*** Extracted entries ***

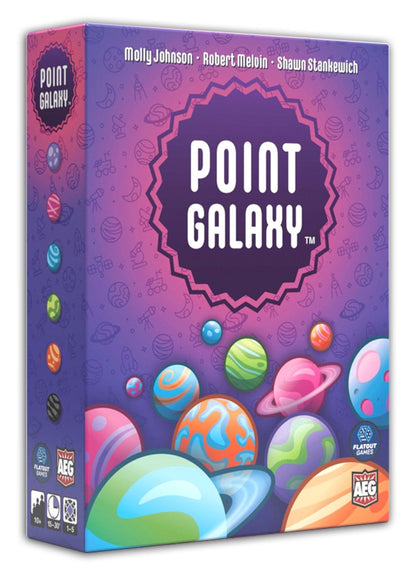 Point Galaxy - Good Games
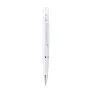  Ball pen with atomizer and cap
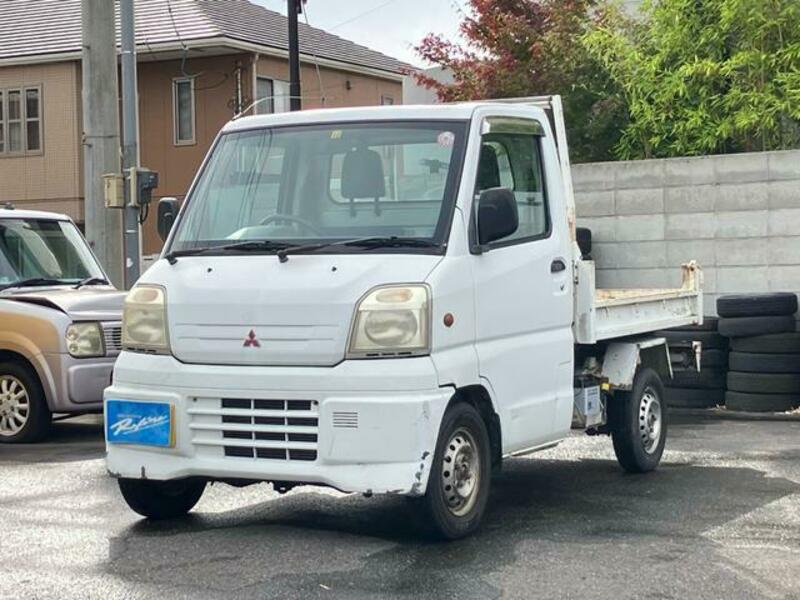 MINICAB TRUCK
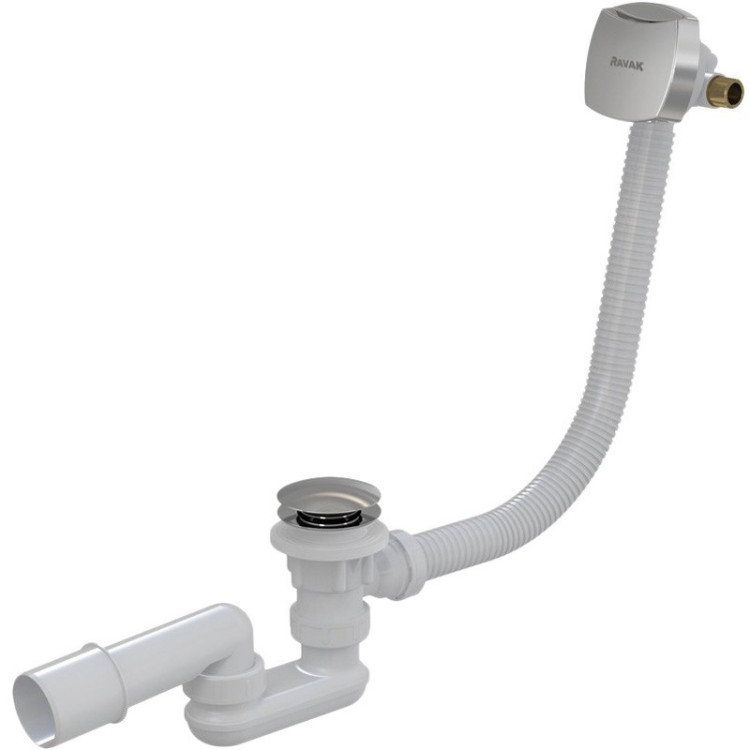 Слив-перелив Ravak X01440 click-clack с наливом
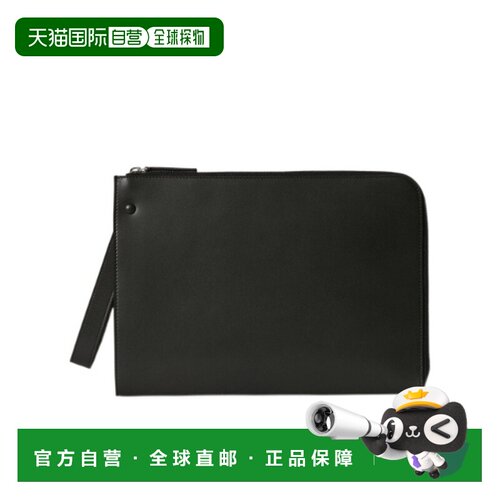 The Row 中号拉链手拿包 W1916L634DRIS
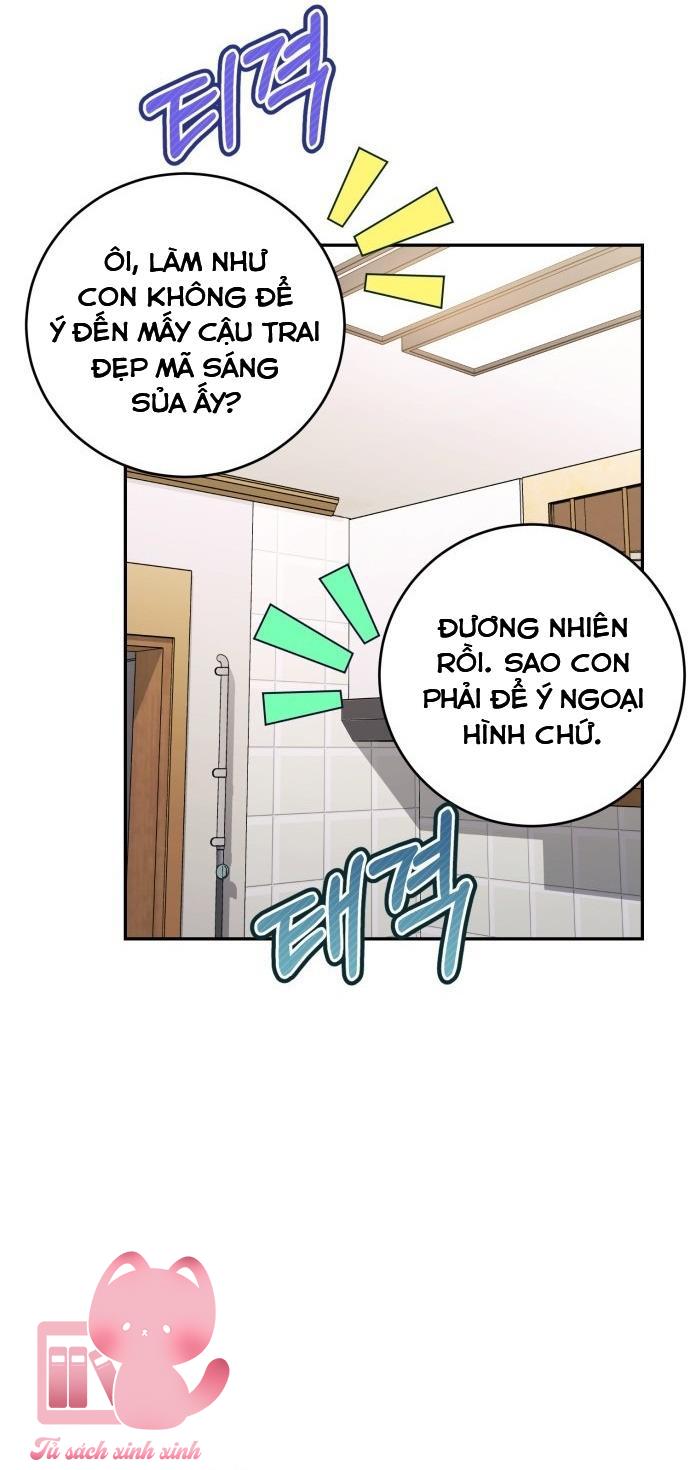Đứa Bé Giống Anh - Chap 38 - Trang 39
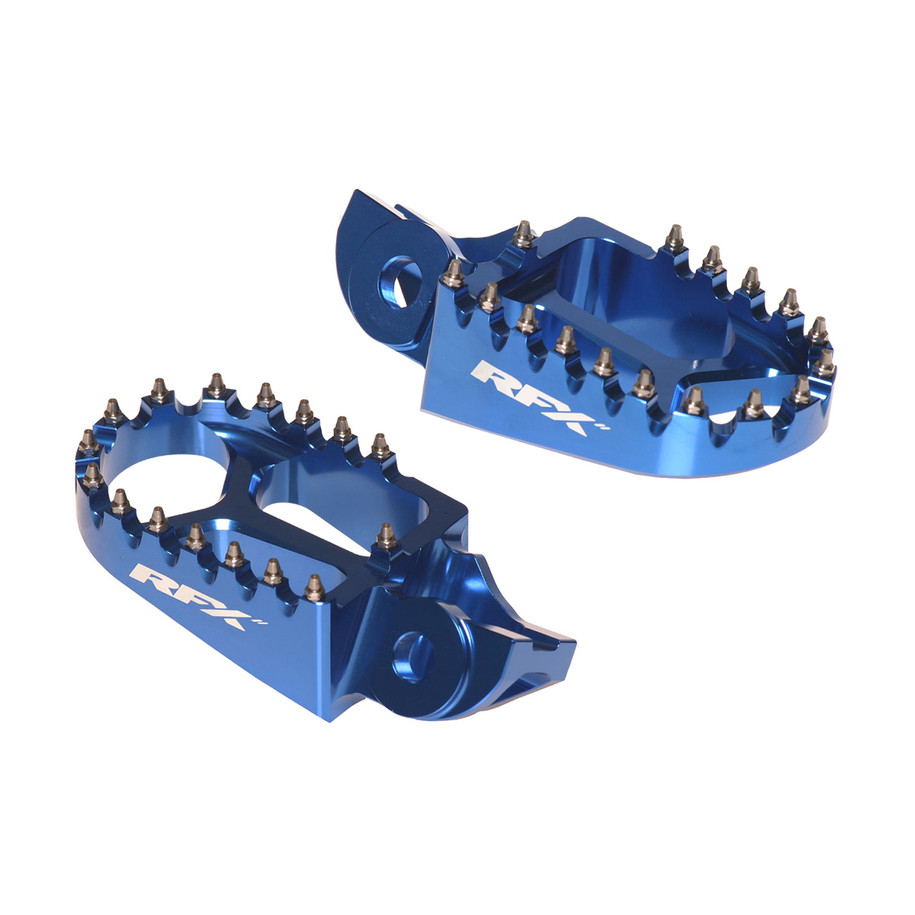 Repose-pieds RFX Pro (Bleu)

*** End of Extracted entries ***

* [Your instructions]:
Full copy, no pictures: write out each line of the data exactly as it stands.

* [Exercise answer]:
 Point Galaxy - Good Games
  Ball pen with atomizer and cap
 MINICAB TRUCK
 Слив-перелив Ravak X01440 click-clack с наливом
 The Row 中号拉链手拿包 W1916L634DRIS
Đứa Bé Giống Anh - Chap 38 - Trang 39
 Repose-pieds RFX Pro (Bleu)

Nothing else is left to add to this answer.